Each parameterized type is a ``Foldable`` ``Traversable`` ``Functor``.
Further, non-parameterized types, e.g.::

    type Exp = Exp' (Maybe (Int, Int))

are generated to characterize the syntax trees returned by the
generated parser.  The extra values then hold line and column number
of the starting position of the syntax tree node in the parsed file.
If no position is available, e.g., for an empty list, the value is
``Nothing``.

In general, however, the extra values can be made to hold any kind of
extra information attached to the abstract syntax.  E.g. one could
store type information reconstructed during a type-checking phase
there.


Pygments Backend
================

Pygments is not really a compiler front-end tool, like lex and yacc, but a
widely used syntax highlighter (used for syntax highlighting on github among
others).

With the ``--pygments`` option, BNFC generates a new python lexer to be used
with pygments.

Usage
.....

There is two ways to add a lexer to pygments:

* Fork the pygments codebase and add your lexer in ``pygments/lexers/``
* Install your lexer as a pygments plugin using setuptools

In addition to the lexer itself, BNFC will generate an minimal installation
script ``setup.py`` for the second option so you can start using the
highlighter right away without fiddling with pygments code.

Here is an example (assuming you've put the Calc grammar in the current
directory)::

    bnfc --pygments Calc.cf
    python3 -m venv myenv                 # If you don't use virtualenv, skip this step...
    myenv/bin/python3 setup.py install    # ... and use the global python3 and pygmentize
    echo "1 + 2 - 3 * 4" | myenv/bin/pygmentize -l calc

You should see something like:

.. image:: /calc-pygments.png

Here is the LBNF grammar highlighted with the pygments lexer generated from it:

.. image:: /lbnf-pygments.png

Caveats
.......

The generated lexer has very few highlighting categories.
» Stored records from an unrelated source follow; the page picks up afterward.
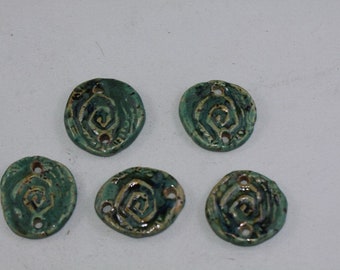 Ceramic earring components/charms tribal components clay charms clay art Beads earthy organic jewelry components supplies potterygirl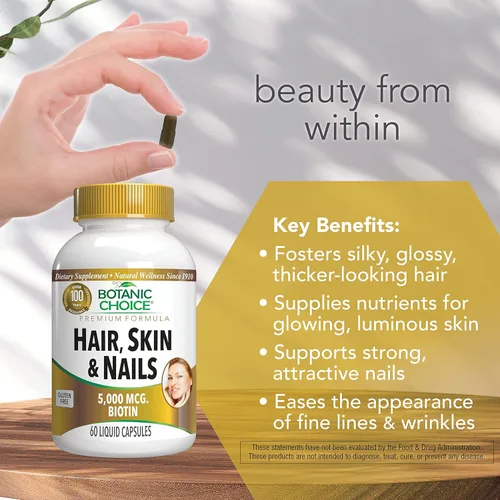 Miniatura 4 de Botanic Choice Vitaminas para el cabello, la piel y las uñas, suplemento de biotina con colágeno, vitamina C y hierro, mezcla súper antioxidante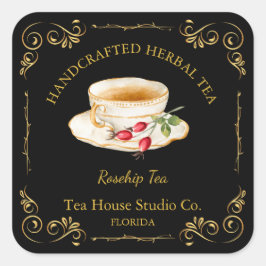 Té de Rosa Mosqueta Vintage Etiqueta Cuadrada
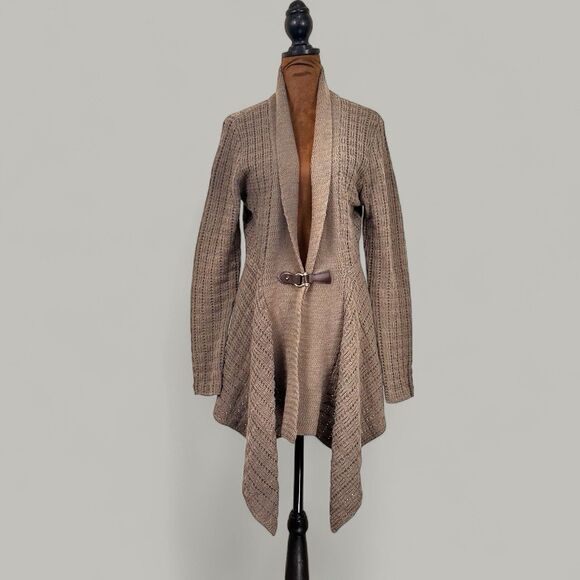 Joseph A Women Long Knit Cardigan M Lagenlook Cozycore Asymmetric Quiet Luxury - Picture 1 of 9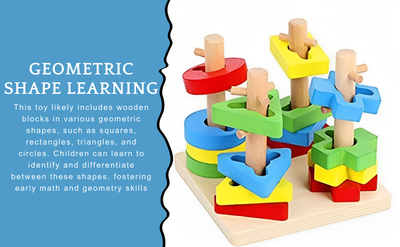 Wooden Four Sets Column, Geometric Shape Four Column Blocks, Early Educational & Learning Toys_img_2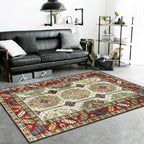 Unique Tribal Pattern Rug Green and Red Southwest Rug Polyester Machine Washable Non-Slip Back Rug for Bedroom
In particular, all
keywords are highlighted the same way, all symbols are highlighted the same way
and it doesn't use context (so, for instance, it cannot differentiate the same
identifier used as a function definition and a local variable...)

Pygments makes it possible to register file extensions associated with a lexer.
BNFC adds the grammar name as a file extension. So if the grammar file is
named ``Calc.cf``, the lexer will be associated to the file extension
``.calc``. To associate other file extensions to a generated lexer, you need to
modify (or subclass) the lexer.